URBAN LEARNER-TEACHING RESIDENCY REFLECTIONS
Week 4 -- Triad One

Monday 10/22/12 to Friday 10/26/12, 8:00 AM- 4:00 PM

Learners and Learning:
Diverse Learners


Area of Concentration:
Specific SEPT Element - Diverse Learners
Urban Diversity by Design

Research Target:
"Understanding by Design" in Principle and Practice

UbD and DI  (Tomlinson and McTighe)


"Teachers must place a strong emphasis on 
rigor, relevance, but most of all on developing 
relationships with children."

Dr. Asa Hilliard,
former Director of Urban Studies at Georgia State University


Critical Dispositions Matrix

This week’s experiences highlighted five critical dispositions related to Diverse Learners:
  • Teacher believes that all learners can achieve at high levels and persists in helping each learner reach his/her full potential.
  • Teacher respects learners as individuals with differing personal and family backgrounds and various skills, abilities, perspectives, talents, and interests.
  • Teacher makes learners feel valued and helps them learn to value each other.
  • Teacher values planning as a collegial activity.
  • Teacher believes that plans must always be open to adjustment and revision based on learner needs and changing circumstances.
     


Culturally Responsive Framework

Three core markers related to Culturally Responsive Teaching and learning assessment have been highlighted by this week’s experiences:

  • Establishing inclusion: Creating a learning atmosphere in which learners and instructors feel respected by and connected to one another.
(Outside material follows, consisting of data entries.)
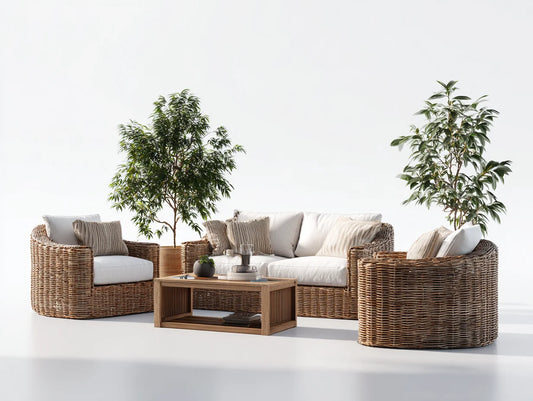 Sofás de jardín ratán natural con cojines beige y mesa de centro 200x80x75 cm - diseño moderno para exterior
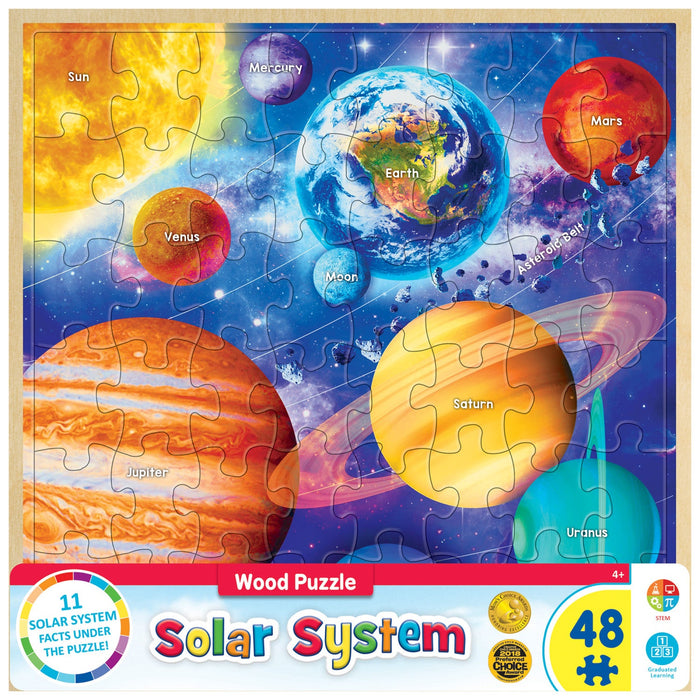 Wood Fun Facts - Solar System 48 Piece Wood Jigsaw Puzzle - Just $12.99! Shop now at Retro Gaming of Denver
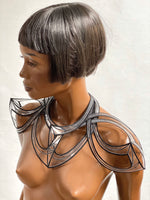 Organic collar from divamp couture , neck piece, fetish gothic cosplay armor scifi clothing futuristic cybergoth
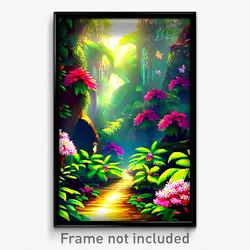 Pixel Art Poster - Flowery Rainforest (8 Bit Psychedelic Video Game Print)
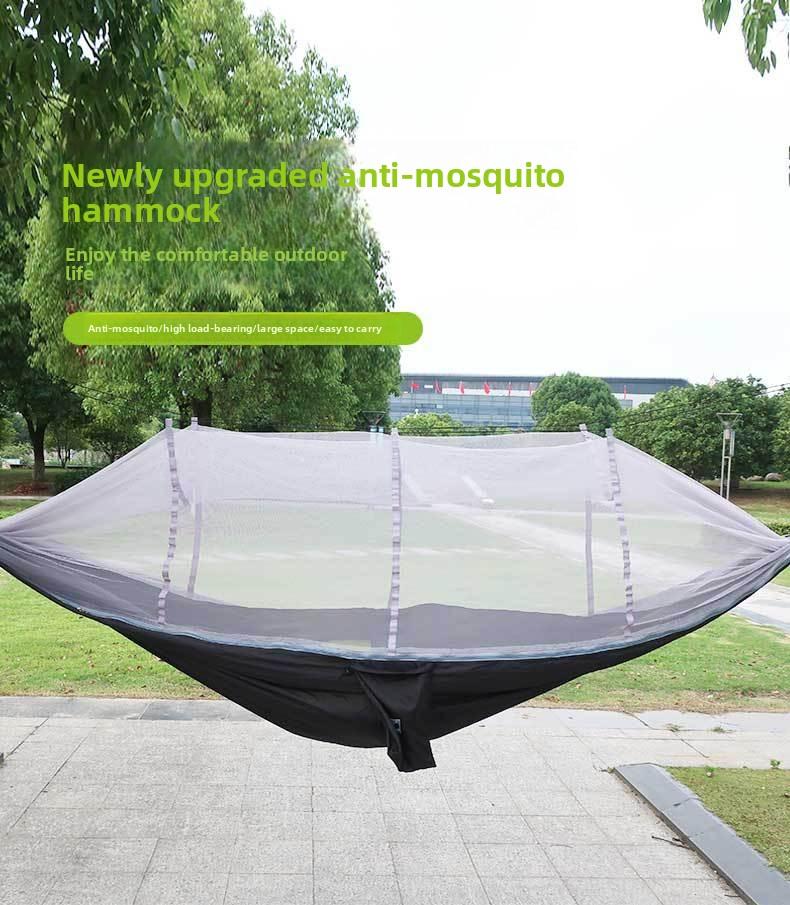 Outdoor Hammock with Mosquito Net Single Double Parachute Cloth Mosquito Hammock Air Tent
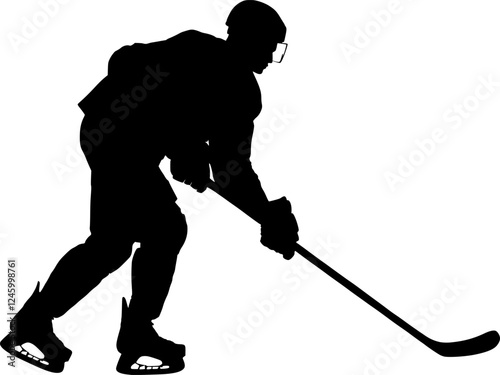 Vektor Silhouette Körper - Eishockey Spieler in Action beim Spiel - Sport und Schnelligkeit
  • Developing attitude: Creating a favorable disposition toward the learning experience through personal relevance and choice.

     
  • Recognize that the varying experiences, abilities, language, culture, and family and community values learners bring to school with them are assets that can be used to promote their learning.


Implications for Practice

My fourth practicum week was an important and had a sense of closure to the first phase of the process. I fully participated in the classroom and led the activities. My ability to team-teach and manage the at-times awkward position was established. My presence, purpose and place have been clarified -- at least for the learners in my focus class.

Student-teaching requires the ability to manipulate multiple educational perspectives. Beyond negotiating the multi-level relationship with the CT, the practicum requires one to be student-manager, student-boss, student-grader and student-leader. Also, at any given point in the process, the 25-30 student perspectives on, and cultural comfort with, the classroom's team-teaching environment must be considered. The practicum requires political skills that are not expressly addressed in the Cooperative Teaching model or the "Suggested Timeline of Responsibilities for the Student Teaching" in the university’s handbook.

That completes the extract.